Thanks so much for the reply ... unfortunately it doesn't really answer my question. All my bias skirt patterns instruct you to hang the skirt (before doing the waistband, hem etc.) ... and I undertstand why. BUT none of my bias DRESS patterns ever instruct you to hang the pieces .. was just wondering why you would hang the skirts and not the dresses .. since they are both on the bias ???
Your instincts are correct. The ways of pattern mfgs. are strange, indeed. If most of your garment, dress or skirt, is bias, hang it. If you think it will put too much stress on the bodice, then hang it in such a way that only the skirt can hang (use clothespins). Back when sewing was mostly Rules not Fun, every garment hung 24 hours before hemming. When you come to think of it, almost all skirts have part of the hem that is bias. God bless you Galey
Thanks ... I figured as much and just thought it was a little odd! I will try your suggestion and hang the dress pieces from about the skirt area down.

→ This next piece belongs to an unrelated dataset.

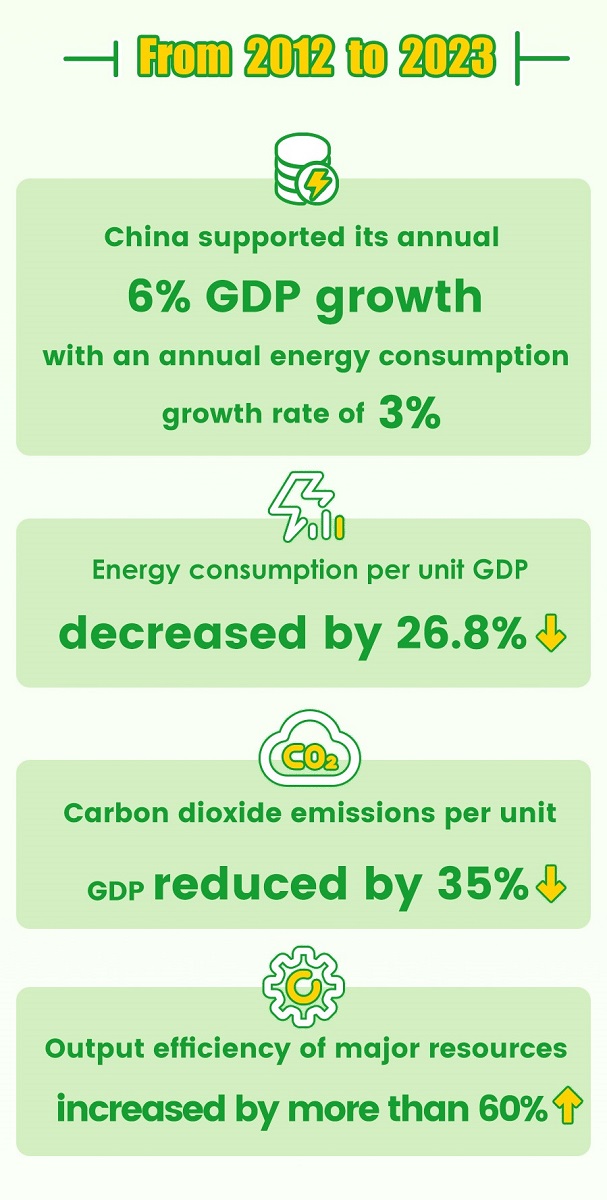 Today marks the 12th National Low-Carbon Day in China. Let's take a look at the country's progress in promoting green and low-carbon development. #GreenChina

you are right . Vionnet used to hang her bias fabric with little weights on the . They look like table cloth weights and the let them stretch before she cut out her pattern pieces.
Glad you mentioned Madame Vionnet, as she was the first modern couture designer and was a master of bias, as I'm sure you know. I am the proud owner of the book about her with all its patterns (not cheap but worth it); I would assume if one is a student of bias, one would want to study her patterns. Also, I think Threads has several articles about and by Charles Kleibacker, who is known for his bias designing; let me know if I am wrong on this......
However, I haven't mastered bias sewing and designing myself and with traveling in an RV for long periods of time, don't have the opportunity to take sewing classes, so I get most of my information from "sewing" and fitting books, which I collect.
I also watch Project Runway and wonder about the pattern drafting books that were mentioned on the program that got the one designer dismissed; can someone tell me about the authors and/or methods in the books? I drafted a pattern one time, and it was all mathematical and not very interesting, to me.
Thanx so much, ixs
Madaline Vionnets book was recently reprinted and its only about $75.00.
Chalres Kleibacker is a doll, he is one of the nicest men I have met! but go to his web site, he has a great tutorial on a bias cut skirt
http://www.fashionschool.kent.edu/kleibacker/techniques/AAINDEX.htm
you have to do this in internet explorer as it doesn't work in Mozilla!Basic pattern drafting is very mathematical, but once you get past the basics, it becomes very much an art form and a lot of fun!
Thanks for the info, will look into it.
You might want to look at Marcy Tilton's bias articles in Threads mag (probably some on the website here). In one of the classes I took from her, she said that even after you get the bias stretched out enough to hem it fairly evenly, bias will keep on growing to some extent. She suggested not hanging ANY finished bias garment for that reason: It will get slightly longer and narrower each time it's vertical.Actually, her bias articles are interesting and useful in many ways. She employs a press-and-stretch technique on the bias pieces, right after they are cut out, that removes a lot of the stretch, making the end result much more predictable.
Thank you ... I will look them up. I love the look of bias garments and would like to try and master it!